(Scraped caption text data)
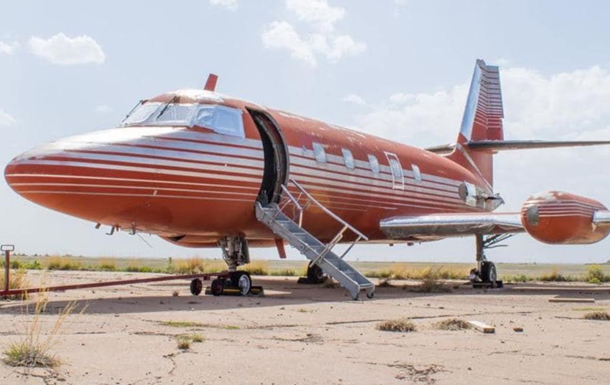 На аукционе в США продали личный самолет Элвиса Пресли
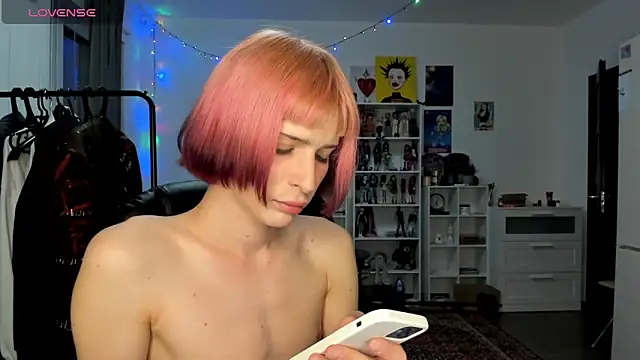 Snapshot of sweet_peach___ chatting on April 15, 7:58 pm sweet peach online show from April 15, 7:58 pm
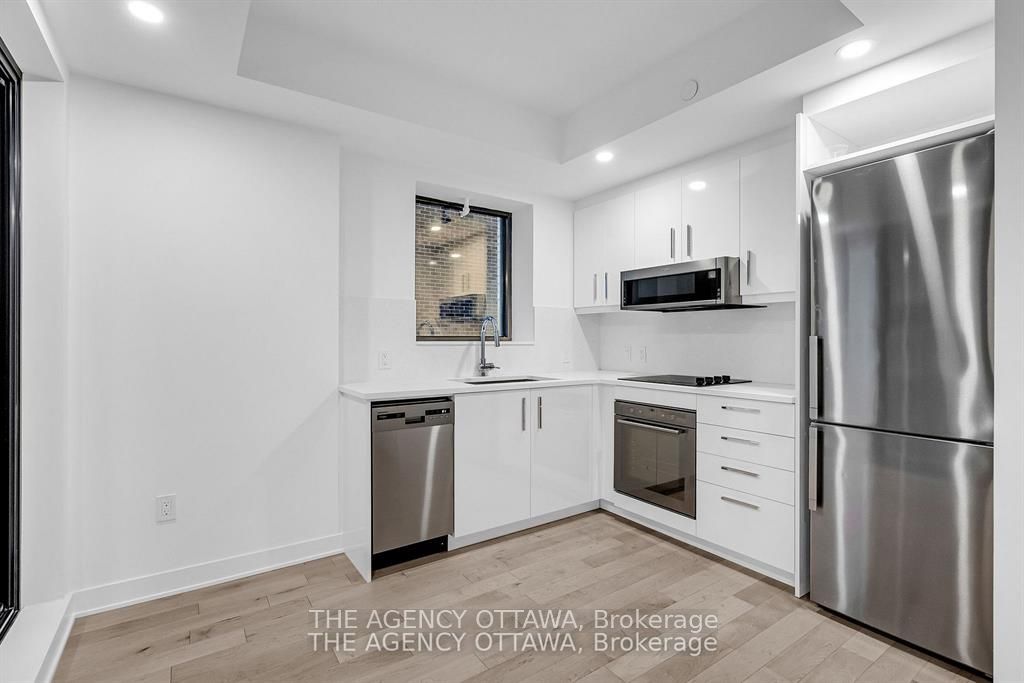 340 Queen Street 308 Property Photo 11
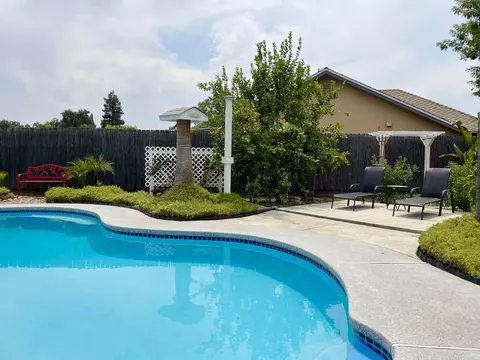644 E Vine Ct, Visalia, CA 93292 photo 30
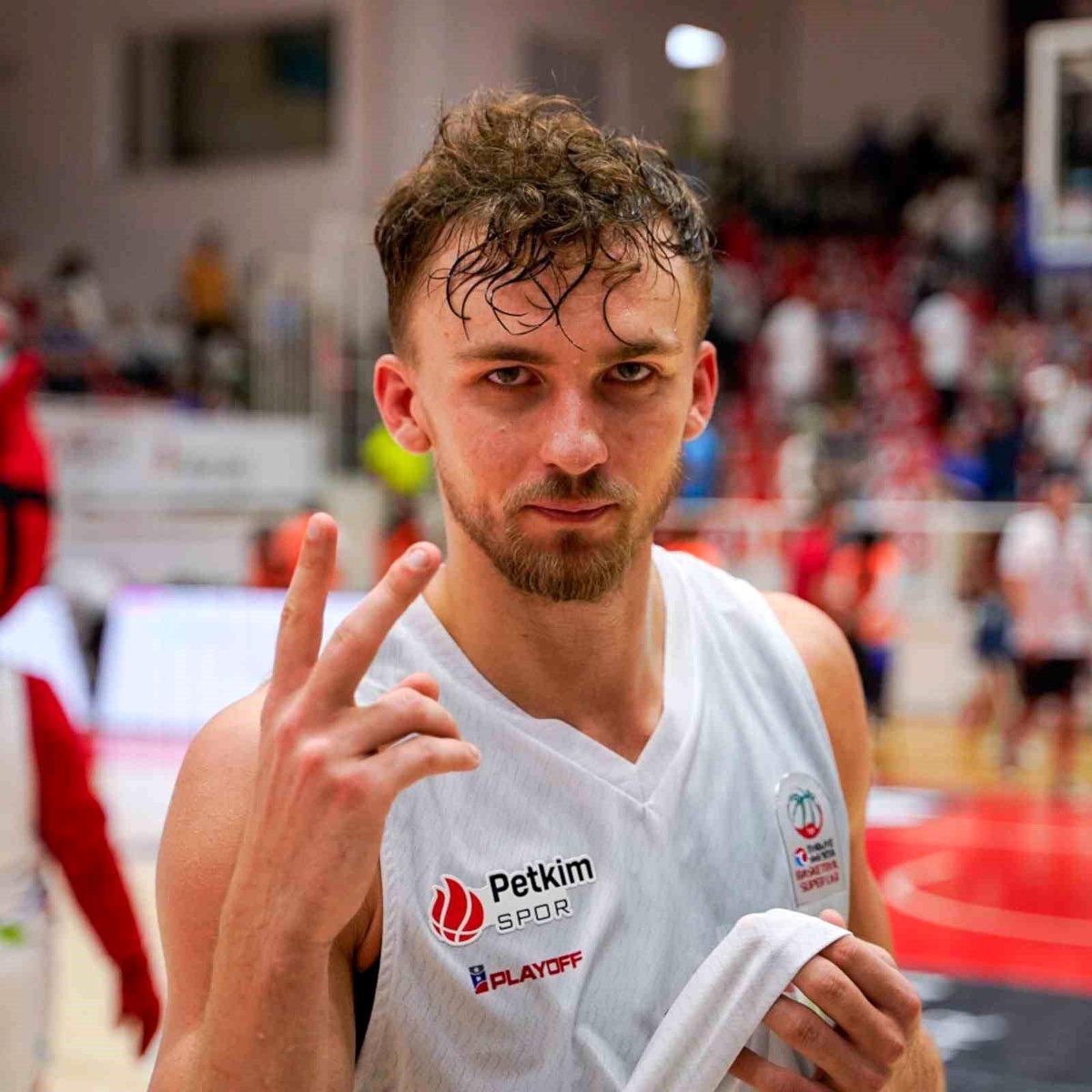 Aliağa Petkimspor\'un Letonyalı oyuncusu Kristers Zoriks üçlük atışlarında en iyi performansı sergiliyor
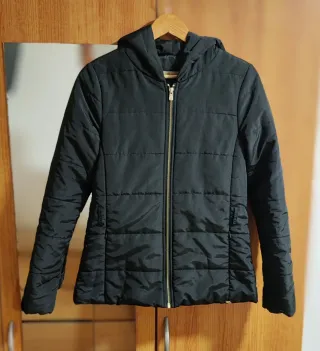 Casaco Acolchoado Preto com Capuz
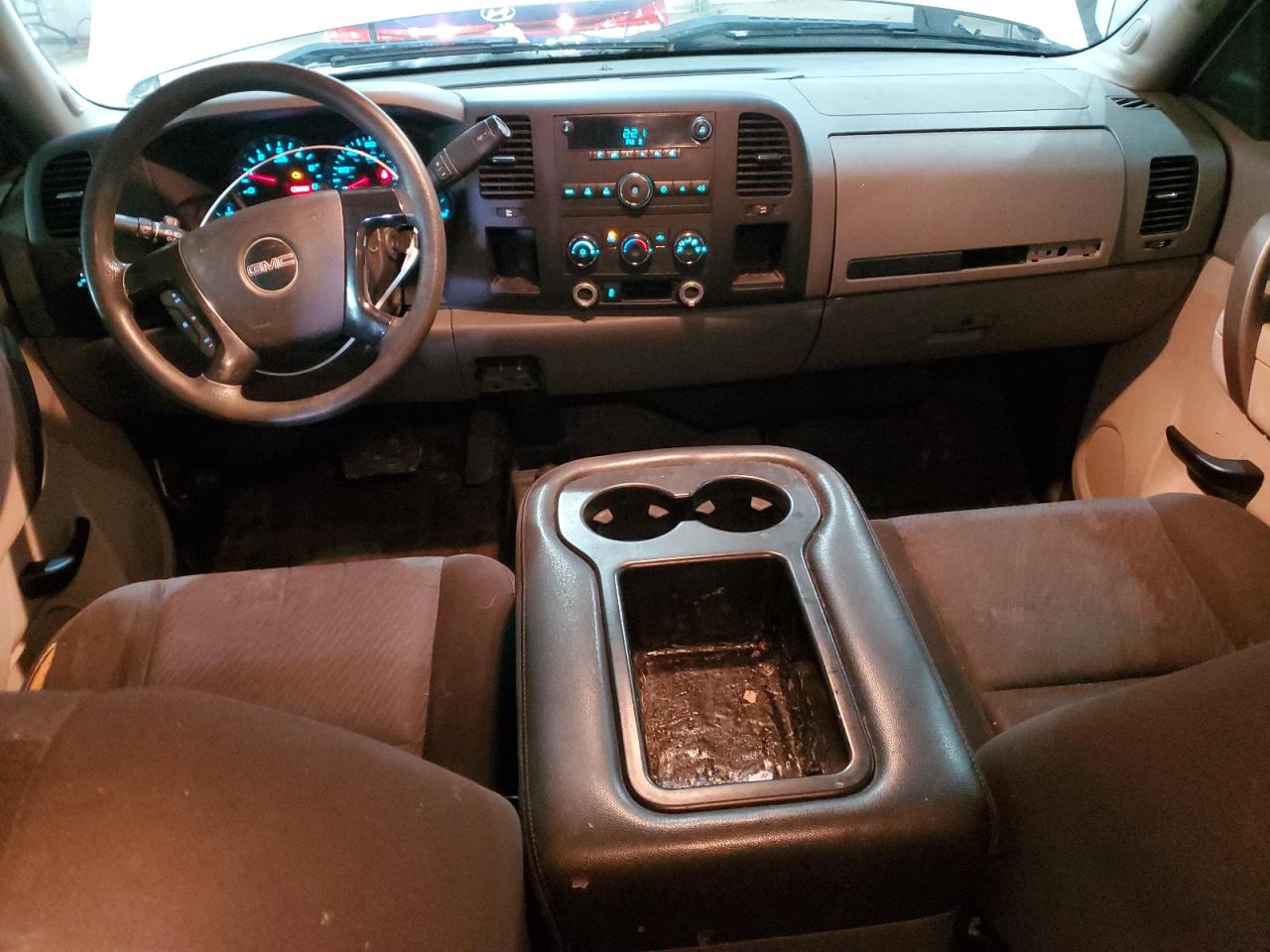 GMC Sierra K1500 Image 11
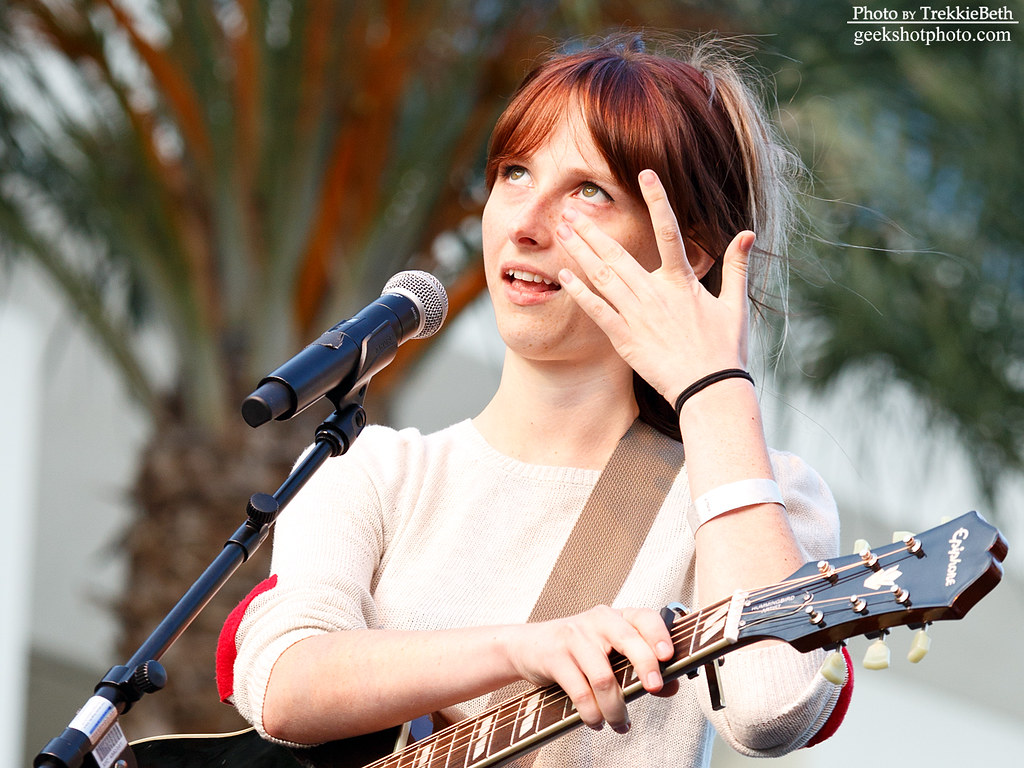 Tessa Violet. © All Rights Reserved Use of my photo requir
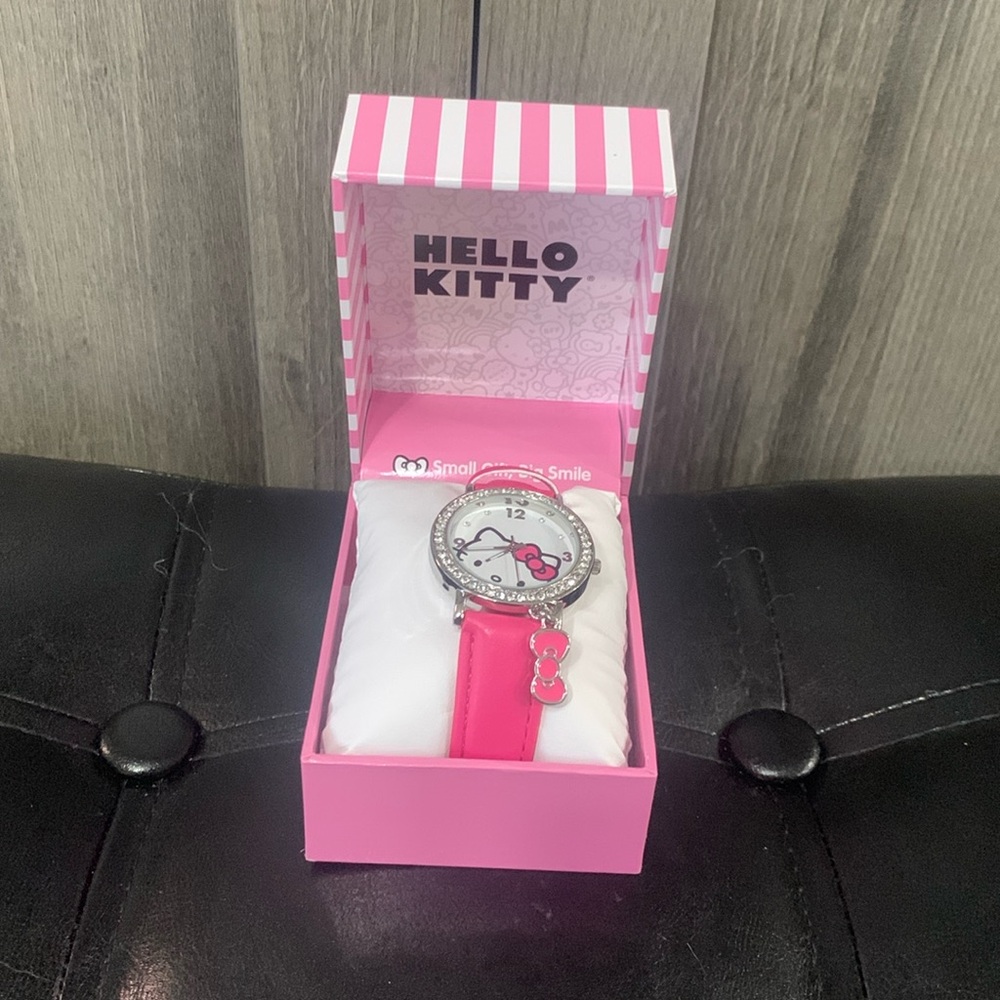 Hello Kitty Watch With Hot Pink Band, Crystal Bezel & Bow Charm New In Box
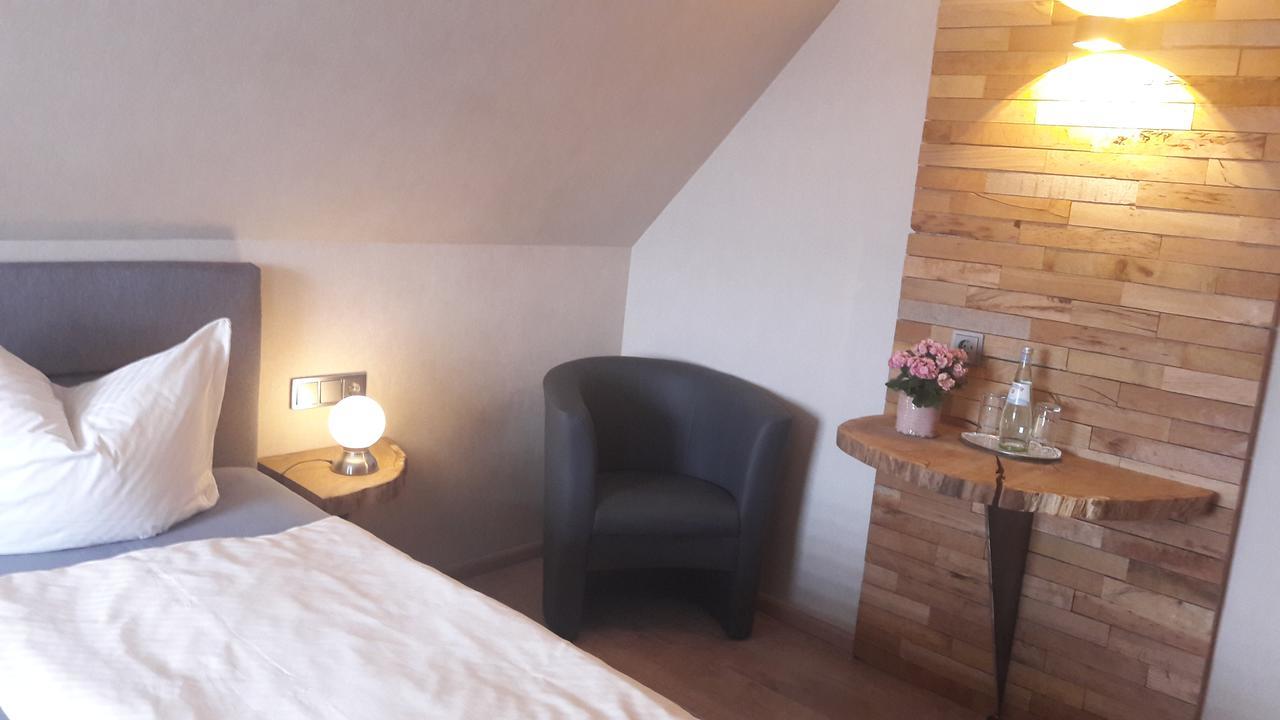 Hotel -Winterfelder Hof Apenburg-Winterfeld Екстер'єр фото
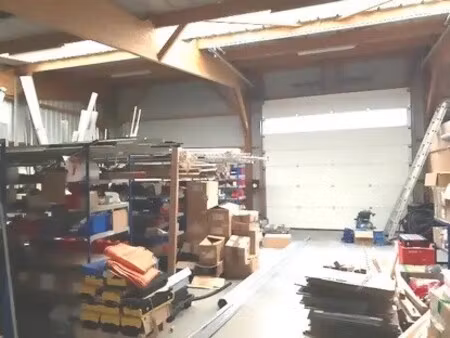location local d'activités 400 m²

[Directions for this task]
Beginning with the line that contains "Tessa Violet. ©" and ending with the last line of the entries above, repeat each line exactly, but not the pictures.

[Exercise answer]
 Tessa Violet. © All Rights Reserved Use of my photo requir
 Hello Kitty Watch With Hot Pink Band, Crystal Bezel & Bow Charm New In Box
 Hotel -Winterfelder Hof Apenburg-Winterfeld Екстер'єр фото
location local d'activités 400 m²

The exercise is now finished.